Problem details = For each line in the data below, write an exact copy.

(Beginning of Material to process)

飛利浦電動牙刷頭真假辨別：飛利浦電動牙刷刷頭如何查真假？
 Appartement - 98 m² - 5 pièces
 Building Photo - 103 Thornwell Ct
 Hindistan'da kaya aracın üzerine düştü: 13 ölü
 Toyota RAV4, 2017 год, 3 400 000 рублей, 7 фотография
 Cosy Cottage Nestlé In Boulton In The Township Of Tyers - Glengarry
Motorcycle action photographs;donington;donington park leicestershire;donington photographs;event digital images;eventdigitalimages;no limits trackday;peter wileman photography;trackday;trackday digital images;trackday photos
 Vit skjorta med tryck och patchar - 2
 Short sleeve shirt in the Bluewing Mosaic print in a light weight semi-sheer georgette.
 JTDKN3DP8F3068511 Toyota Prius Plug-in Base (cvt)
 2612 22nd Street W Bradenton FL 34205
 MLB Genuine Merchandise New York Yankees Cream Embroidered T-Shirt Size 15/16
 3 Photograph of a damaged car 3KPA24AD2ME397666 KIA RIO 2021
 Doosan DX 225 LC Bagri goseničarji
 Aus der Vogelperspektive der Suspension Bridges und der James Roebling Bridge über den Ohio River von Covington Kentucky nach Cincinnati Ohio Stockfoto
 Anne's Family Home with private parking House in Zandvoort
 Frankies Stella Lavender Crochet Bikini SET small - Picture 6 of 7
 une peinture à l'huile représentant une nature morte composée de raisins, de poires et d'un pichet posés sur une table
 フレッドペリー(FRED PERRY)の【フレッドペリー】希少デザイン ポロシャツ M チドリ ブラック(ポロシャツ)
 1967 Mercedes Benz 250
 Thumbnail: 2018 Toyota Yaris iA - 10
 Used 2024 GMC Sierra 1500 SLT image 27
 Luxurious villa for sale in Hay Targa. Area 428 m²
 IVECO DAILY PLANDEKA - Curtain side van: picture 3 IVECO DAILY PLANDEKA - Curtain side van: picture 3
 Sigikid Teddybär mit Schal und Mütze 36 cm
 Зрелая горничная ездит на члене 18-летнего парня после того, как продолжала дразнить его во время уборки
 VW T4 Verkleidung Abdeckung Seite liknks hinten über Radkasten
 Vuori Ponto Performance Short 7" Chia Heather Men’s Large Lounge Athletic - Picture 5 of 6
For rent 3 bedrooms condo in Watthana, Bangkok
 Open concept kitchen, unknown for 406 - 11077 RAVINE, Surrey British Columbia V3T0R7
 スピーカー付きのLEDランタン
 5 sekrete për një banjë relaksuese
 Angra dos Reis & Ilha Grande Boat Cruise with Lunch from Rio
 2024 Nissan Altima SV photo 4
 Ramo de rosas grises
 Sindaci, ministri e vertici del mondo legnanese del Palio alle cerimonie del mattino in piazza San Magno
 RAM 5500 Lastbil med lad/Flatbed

(End of Material to process)

Solution for this problem =
飛利浦電動牙刷頭真假辨別：飛利浦電動牙刷刷頭如何查真假？
 Appartement - 98 m² - 5 pièces
 Building Photo - 103 Thornwell Ct
 Hindistan'da kaya aracın üzerine düştü: 13 ölü
 Toyota RAV4, 2017 год, 3 400 000 рублей, 7 фотография
 Cosy Cottage Nestlé In Boulton In The Township Of Tyers - Glengarry
Motorcycle action photographs;donington;donington park leicestershire;donington photographs;event digital images;eventdigitalimages;no limits trackday;peter wileman photography;trackday;trackday digital images;trackday photos
 Vit skjorta med tryck och patchar - 2
 Short sleeve shirt in the Bluewing Mosaic print in a light weight semi-sheer georgette.
 JTDKN3DP8F3068511 Toyota Prius Plug-in Base (cvt)
 2612 22nd Street W Bradenton FL 34205
 MLB Genuine Merchandise New York Yankees Cream Embroidered T-Shirt Size 15/16
 3 Photograph of a damaged car 3KPA24AD2ME397666 KIA RIO 2021
 Doosan DX 225 LC Bagri goseničarji
 Aus der Vogelperspektive der Suspension Bridges und der James Roebling Bridge über den Ohio River von Covington Kentucky nach Cincinnati Ohio Stockfoto
 Anne's Family Home with private parking House in Zandvoort
 Frankies Stella Lavender Crochet Bikini SET small - Picture 6 of 7
 une peinture à l'huile représentant une nature morte composée de raisins, de poires et d'un pichet posés sur une table
 フレッドペリー(FRED PERRY)の【フレッドペリー】希少デザイン ポロシャツ M チドリ ブラック(ポロシャツ)
 1967 Mercedes Benz 250
 Thumbnail: 2018 Toyota Yaris iA - 10
 Used 2024 GMC Sierra 1500 SLT image 27
 Luxurious villa for sale in Hay Targa. Area 428 m²
 IVECO DAILY PLANDEKA - Curtain side van: picture 3 IVECO DAILY PLANDEKA - Curtain side van: picture 3
 Sigikid Teddybär mit Schal und Mütze 36 cm
 Зрелая горничная ездит на члене 18-летнего парня после того, как продолжала дразнить его во время уборки
 VW T4 Verkleidung Abdeckung Seite liknks hinten über Radkasten
 Vuori Ponto Performance Short 7" Chia Heather Men’s Large Lounge Athletic - Picture 5 of 6
For rent 3 bedrooms condo in Watthana, Bangkok
 Open concept kitchen, unknown for 406 - 11077 RAVINE, Surrey British Columbia V3T0R7
 スピーカー付きのLEDランタン
 5 sekrete për një banjë relaksuese
 Angra dos Reis & Ilha Grande Boat Cruise with Lunch from Rio
 2024 Nissan Altima SV photo 4
 Ramo de rosas grises
 Sindaci, ministri e vertici del mondo legnanese del Palio alle cerimonie del mattino in piazza San Magno
 RAM 5500 Lastbil med lad/Flatbed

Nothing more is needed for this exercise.